#### What the exercise asks:
Of all the entries below, only the lines from the one with "NOLLEY’S（ノーリーズ" up to and including the one with "Helicopter soaring over" are to be duplicated exactly.

Available records section start

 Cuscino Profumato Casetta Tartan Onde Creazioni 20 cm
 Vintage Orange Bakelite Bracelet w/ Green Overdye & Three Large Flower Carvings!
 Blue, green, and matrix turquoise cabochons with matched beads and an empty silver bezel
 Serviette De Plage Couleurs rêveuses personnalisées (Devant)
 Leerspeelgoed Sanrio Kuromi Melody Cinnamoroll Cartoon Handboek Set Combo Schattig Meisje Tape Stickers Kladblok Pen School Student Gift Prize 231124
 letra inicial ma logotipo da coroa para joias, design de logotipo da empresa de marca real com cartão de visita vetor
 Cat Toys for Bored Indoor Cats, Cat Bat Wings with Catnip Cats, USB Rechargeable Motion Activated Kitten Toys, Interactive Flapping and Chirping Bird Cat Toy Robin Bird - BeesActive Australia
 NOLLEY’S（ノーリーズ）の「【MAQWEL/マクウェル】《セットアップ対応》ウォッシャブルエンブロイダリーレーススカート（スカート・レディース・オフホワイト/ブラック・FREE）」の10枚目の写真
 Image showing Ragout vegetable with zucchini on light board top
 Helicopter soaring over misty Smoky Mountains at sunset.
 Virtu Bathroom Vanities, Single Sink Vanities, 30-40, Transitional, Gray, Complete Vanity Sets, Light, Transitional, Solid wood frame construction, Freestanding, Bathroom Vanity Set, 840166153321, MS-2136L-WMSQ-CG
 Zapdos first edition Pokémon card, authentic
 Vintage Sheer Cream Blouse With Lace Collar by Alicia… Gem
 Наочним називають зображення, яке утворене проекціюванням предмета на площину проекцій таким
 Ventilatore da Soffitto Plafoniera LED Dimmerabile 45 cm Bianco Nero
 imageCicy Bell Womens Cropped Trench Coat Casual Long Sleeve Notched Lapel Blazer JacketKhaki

Available records section end

#### Written answer:
 NOLLEY’S（ノーリーズ）の「【MAQWEL/マクウェル】《セットアップ対応》ウォッシャブルエンブロイダリーレーススカート（スカート・レディース・オフホワイト/ブラック・FREE）」の10枚目の写真
 Image showing Ragout vegetable with zucchini on light board top
 Helicopter soaring over misty Smoky Mountains at sunset.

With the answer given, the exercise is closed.